» Brief
Print out the data precisely as it appears here, with no pictures.

=== Section Start ===

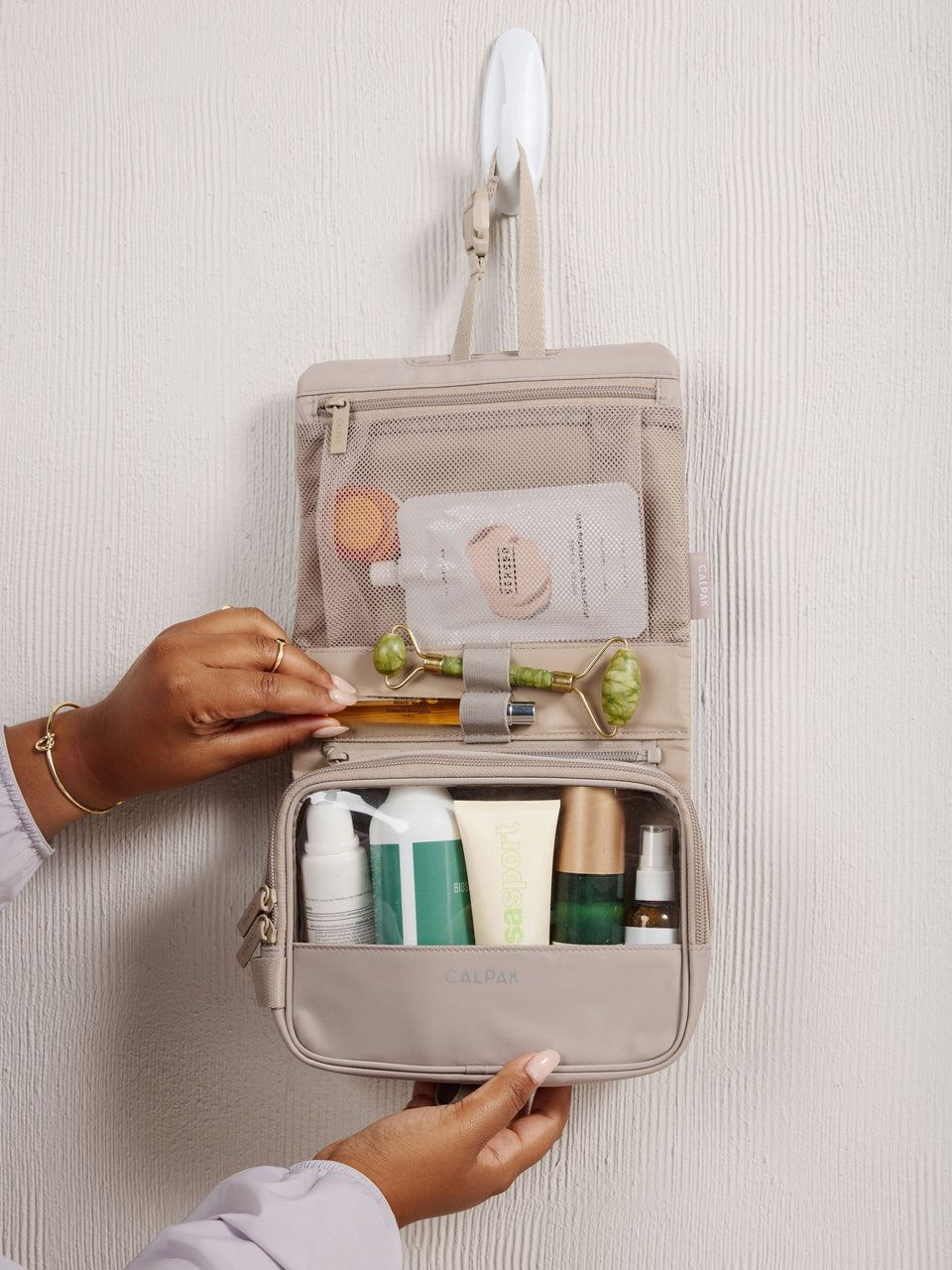 Model placing perfume bottle within elastic loops of CALPAK Fit gym toiletry bag full of toiletries in grayish beige; TFH2401-GREIGE, TFH2401-GREIGE-GRIN, BTBF2401-GREIGE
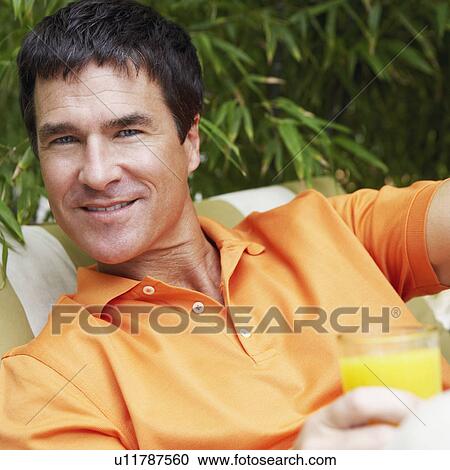 Stock Image - Portrait of a mature man holding a glass of juice. Fotosearch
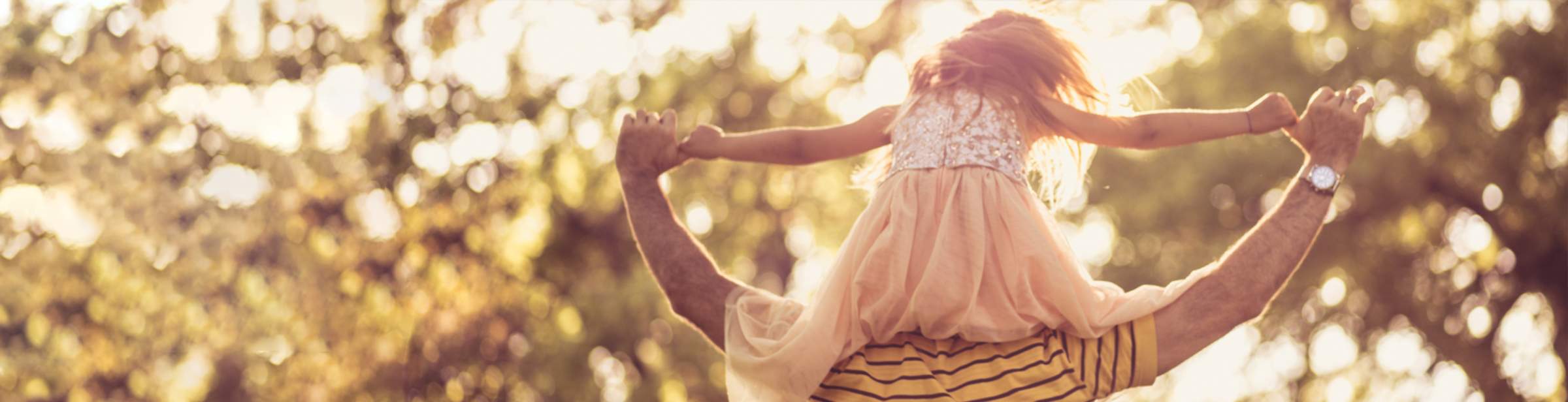 a daughter sitting on her father's shoulders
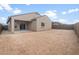 Exterior view of the home's backyard with a covered patio and fencing at 17764 W Getty Dr, Goodyear, AZ 85338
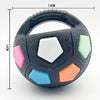 A black squeaky dog ball toy with various colored, soft rubber segments for chewing and fetch.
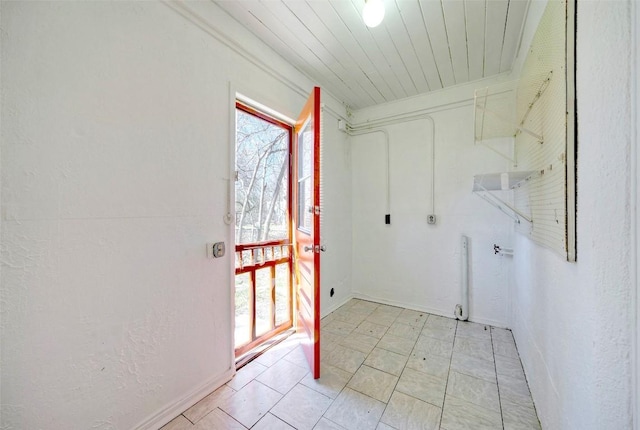 doorway featuring wood ceiling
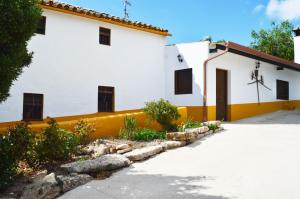 a white and yellow building with a driveway at Cortijo La Cañada in Zambra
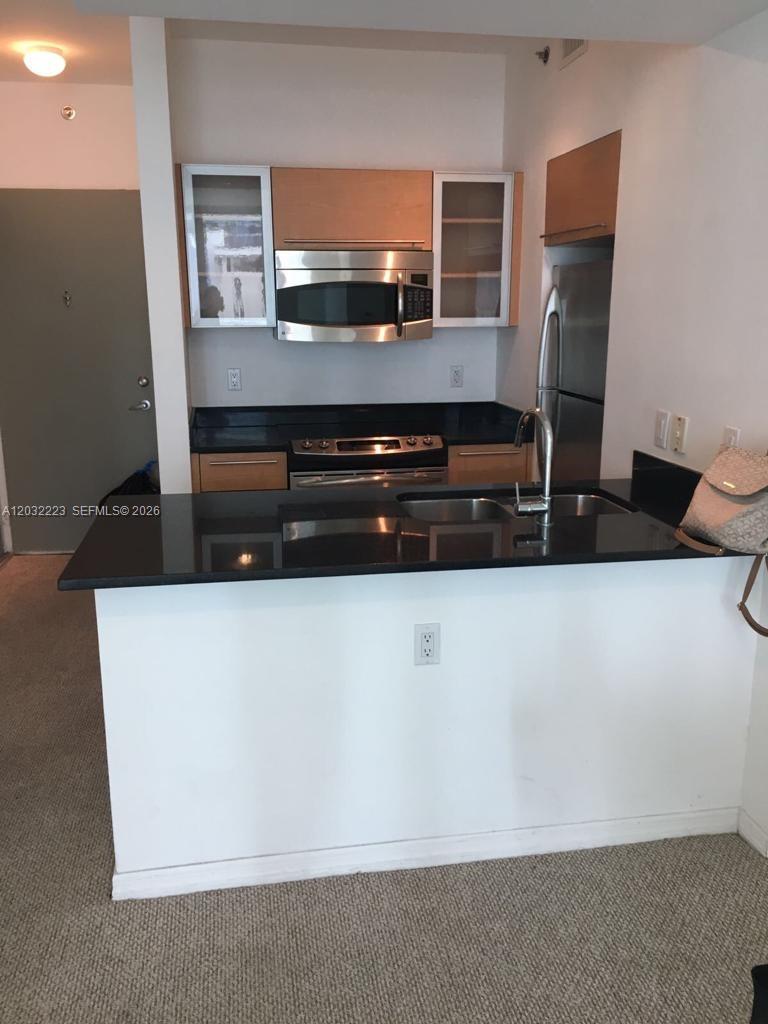 A kitchen features stainless steel appliances, light wood cabinets, and a black countertop breakfast bar — 950 Brickell Bay Dr # 701, Miami FL 33131, MIAMI, FL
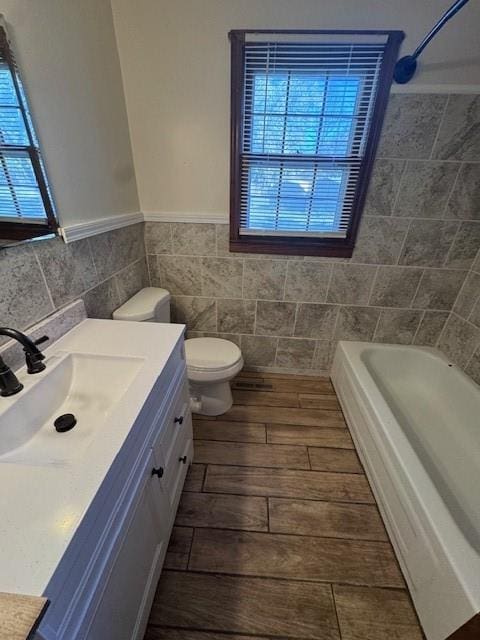 full bathroom with vanity, toilet, and  shower combination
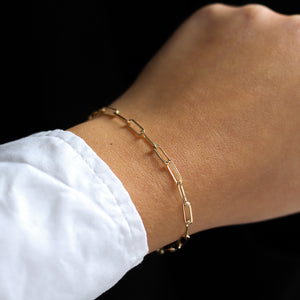 Paper Clip Chain Gold Bracelet worn on hand side view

=== Section End ===

» Written solution
 Model placing perfume bottle within elastic loops of CALPAK Fit gym toiletry bag full of toiletries in grayish beige; TFH2401-GREIGE, TFH2401-GREIGE-GRIN, BTBF2401-GREIGE
 Stock Image - Portrait of a mature man holding a glass of juice. Fotosearch
 a daughter sitting on her father's shoulders
 Exterior view of the home's backyard with a covered patio and fencing at 17764 W Getty Dr, Goodyear, AZ 85338
 A black squeaky dog ball toy with various colored, soft rubber segments for chewing and fetch.
 doorway featuring wood ceiling
 a white and yellow building with a driveway at Cortijo La Cañada in Zambra
 A kitchen features stainless steel appliances, light wood cabinets, and a black countertop breakfast bar — 950 Brickell Bay Dr # 701, Miami FL 33131, MIAMI, FL
 full bathroom with vanity, toilet, and  shower combination
 Paper Clip Chain Gold Bracelet worn on hand side view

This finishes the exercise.